ASSIGNMENT:
Your answer must be the lines from the one holding "Used 2019 White Lexus 350 Luxury image 18" through the final line of the entries below, copied exactly, with no pictures.

THE DATA:
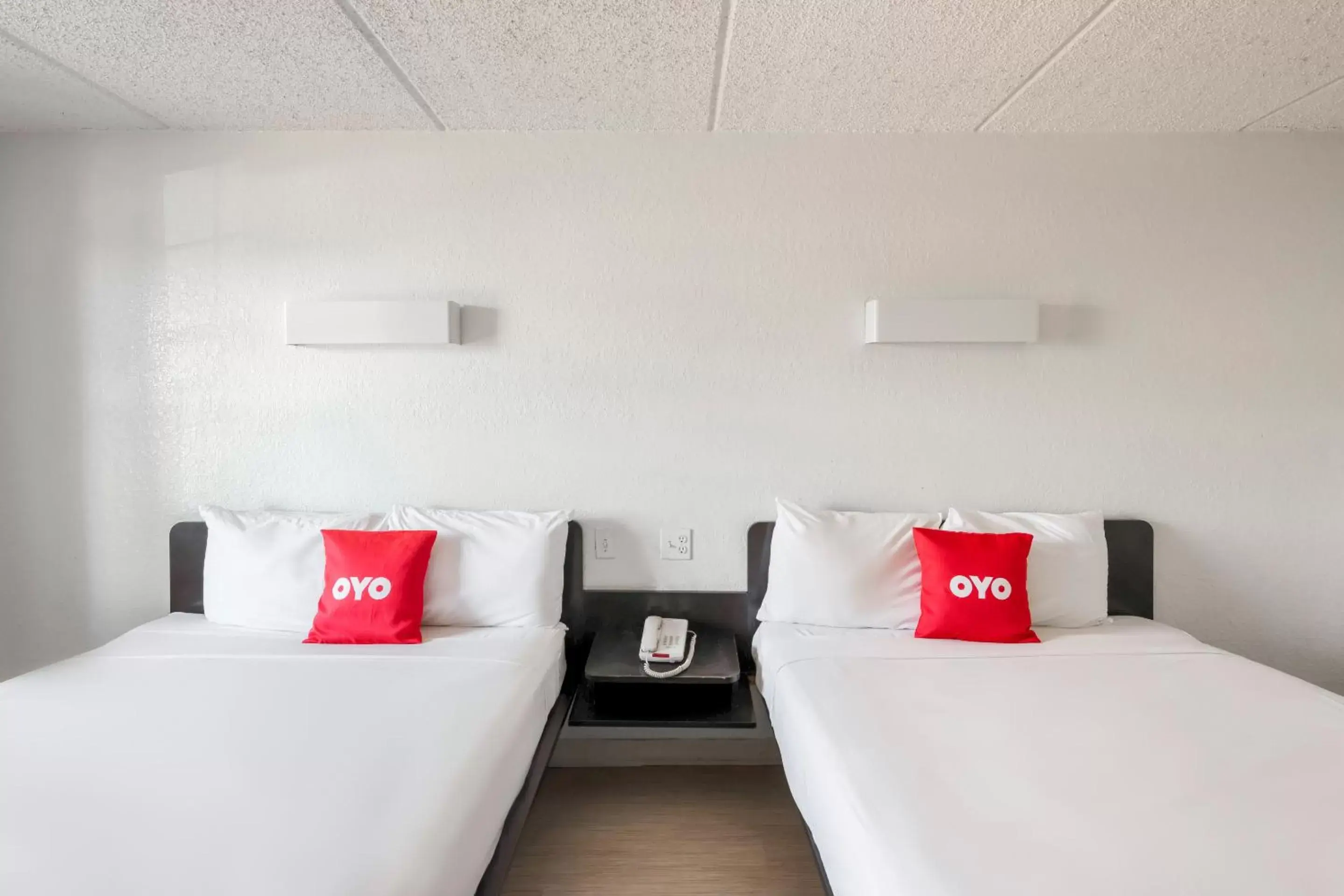 Bedroom, Bed in OYO Hotel Houston Katy Freeway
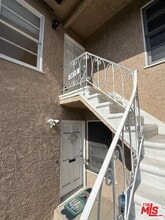 2618 S Barrington Ave in Los Angeles, CA - Building Photo - Building Photo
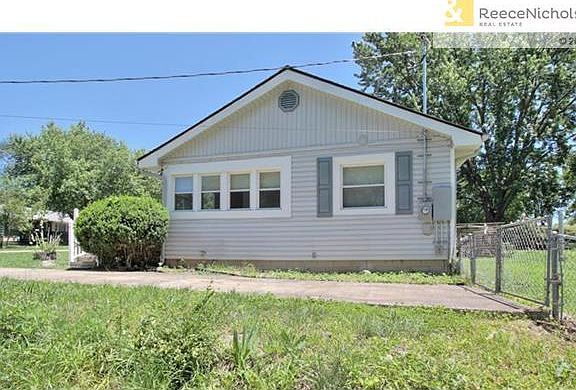 3rd image of 7951 Berger Ave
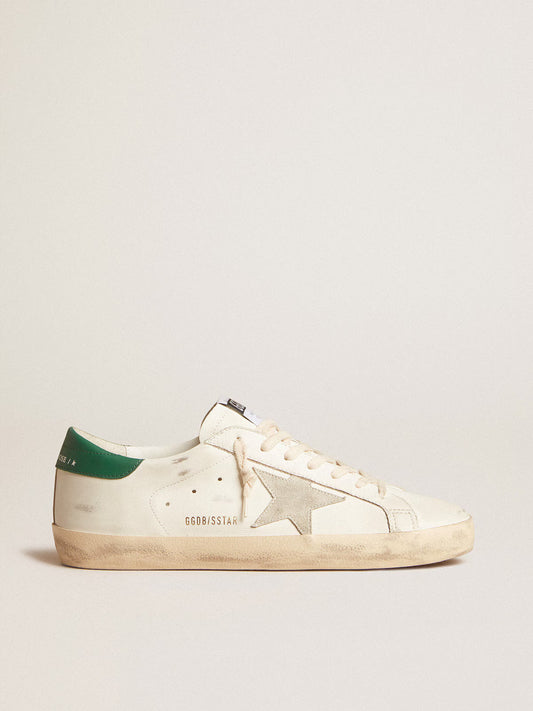 Super-Star en cuir blanc avec étoile en daim gris froid et contrefort en cuir vert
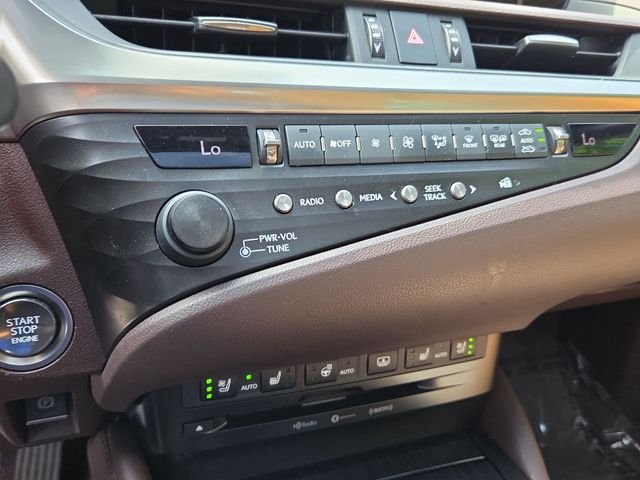 Used 2019 White Lexus 350 Luxury image 18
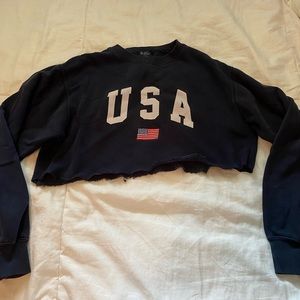 Brandy Melville  cropped crew neck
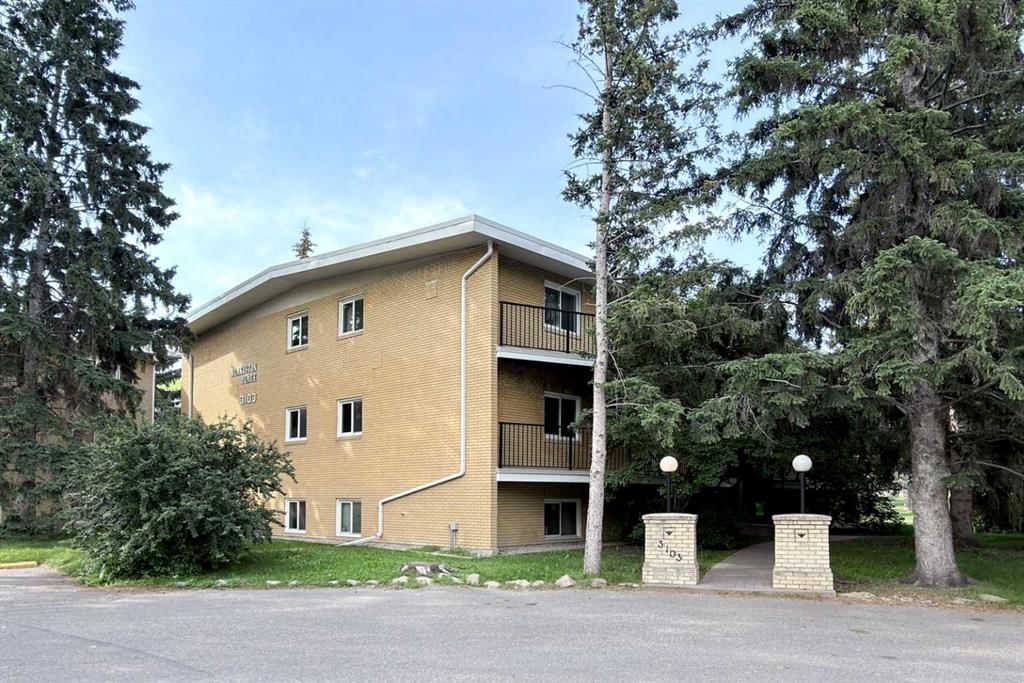 102, 3103 Blakiston Drive NW, Calgary — main listing photo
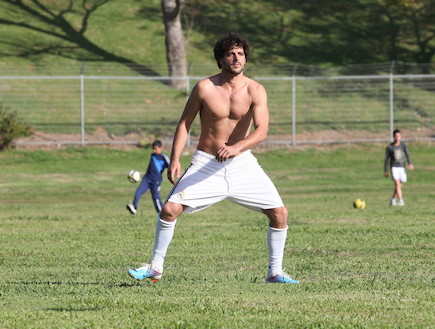 אוהד אלון משחק כדורגל (צילום: ראובן שניידר)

EXERCISE ANSWER:
 Used 2019 White Lexus 350 Luxury image 18
 Brandy Melville  cropped crew neck
 102, 3103 Blakiston Drive NW, Calgary — main listing photo
 אוהד אלון משחק כדורגל (צילום: ראובן שניידר)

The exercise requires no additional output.